U.S. gross national product will likely increase 1.9% this year, 1% next year and 1.6% in 2024, according to Goldman Sachs.
“Growth has slowed to a below-potential pace of about 1% because of a diminishing reopening boost, declining real disposable income (driven by fiscal normalization and high inflation) and aggressive monetary tightening,” Goldman Sachs said.
Goldman Sachs sees a comparatively low probability of recession because of strong but slowing job growth and an initial indication of 2.6% annualized GDP growth during the third quarter. “The incoming activity data are nowhere close to recessionary.”
The prediction by Goldman Sachs appears sunnier than its view as recently as mid-October.
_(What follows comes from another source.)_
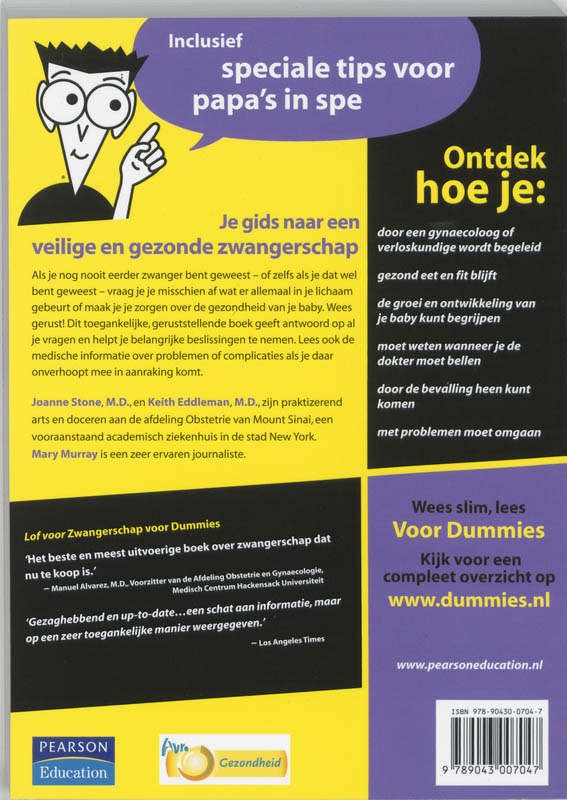 Zwangerschap voor Dummies / Voor Dummies achterkant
Goldman Sachs CEO David Solomon said on Oct. 18 that “there’s a reasonable chance of a recession in the U.S., but it’s not certain,” according to Reuters. “I could see a scenario with a soft landing.”
Moody’s Analytics also found cause for optimism in recent data, saying its outlook on the economy is “a bit brighter.”
A “surprisingly strong” 1.3% gain in retail sales last month prompted Moody’s to increase its estimate for annualized fourth quarter GDP growth by more than a half point to 2.6%. Consumer spending accounts for nearly 70% of GDP.
“Though gains of this size will be hard to maintain, overall, prospects are for continued sales growth,” according to Moody’s.
“Strong job and income growth, abundant cash and available credit for some and rising prices should overcome the remaining drags from low confidence, a return to service spending and lingering supply constraints,” Moody’s said.